The Millenials Go to College

On February 17, 2006, Richard Sweeney, NJIT University Librarian, will be the featured speaker in the NJEDge.Net DLAAB Faculty Colloquium : How Does the Millennial Generation Differ from Other Generations at the Same Age?

They already know that they don't want to work or play like their parents generation. They are called the Millennials, Gen Y, Next Gen, Echo Boomers. They use information, and learn, differently.

They were born between 1979 and 1994, and they are the largest generation since the Boomers (1946 to 1964). Millennials currently crowd our colleges and universities, both because they are a larger generation and because more of them are going to college than ever before.

Playing with iPods and surfing the Web are second nature to so-called Millennials. They have short attention spans and multitask constantly. They see themselves as consumers who "want to learn only what they have to learn" in "a style that is best for them" -- and that usually does not mean listening to a professor lecture. They prefer to use Weblogs and video games, and to collaborate with other students.

Critics, such as Naomi Baron, a linguistics professor at American University, say parents and teachers have helped produce those traits in today's students by pandering to them -- encouraging them to spend time with electronic media, for example, and emphasizing their right to express themselves over the skills they need to express themselves well. They need to learn how to think through problems on their own, she says, and that requires time for quiet contemplation.

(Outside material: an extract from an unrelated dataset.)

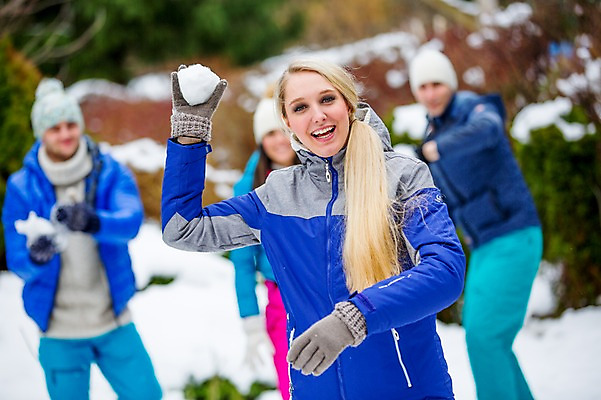 포토 JPG 주간 서양인 외국인 여자 남자 겨울 서기 여러명 상반신 20대 성인 야외 앞모습 친구 던지기 즐거움 눈싸움 성인만 국내포토 자연요소 계절 감정 뷰포인트 다수 관계 모션 눈_날씨 사람 인종 청년 싸움 파일형식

How -- and how much -- should colleges change to adapt to this new generation? And how different are Millennials, really, from the students who preceded them?

Millennial researcher, Richard Sweeney, will discuss how Millennials differ from generations before them at the same age and explore the implications for colleges and universities.

Mr. Sweeney will then pose questions to a live panel of Millennials videoconferencing from three different NJ colleges/universities, as he attempts to confirm and expand on this research. Audience participants at all sites will be given an opportunity to ask their own questions of the panel.

Richard T. Sweeney has been university librarian at the New Jersey Institute of Technology for 10 years. Before that, he directed the library at Polytechnic University, in Brooklyn, N.Y., and directed public libraries in Michigan, New Jersey, and Ohio. He speaks frequently about the Millennial generation at conferences for groups such as the American Library Association and the Association of College and Research Libraries. He also consults for libraries on how to accommodate the new generation.

On Friday, Feb. 17, 2:00pm - 4:00pm, Rich will be presenting live at NJIT (GITC room 1400) and during the program he will be videoconferencing with students and observers at the County College of Morris, Mercer County College and Ramapo College.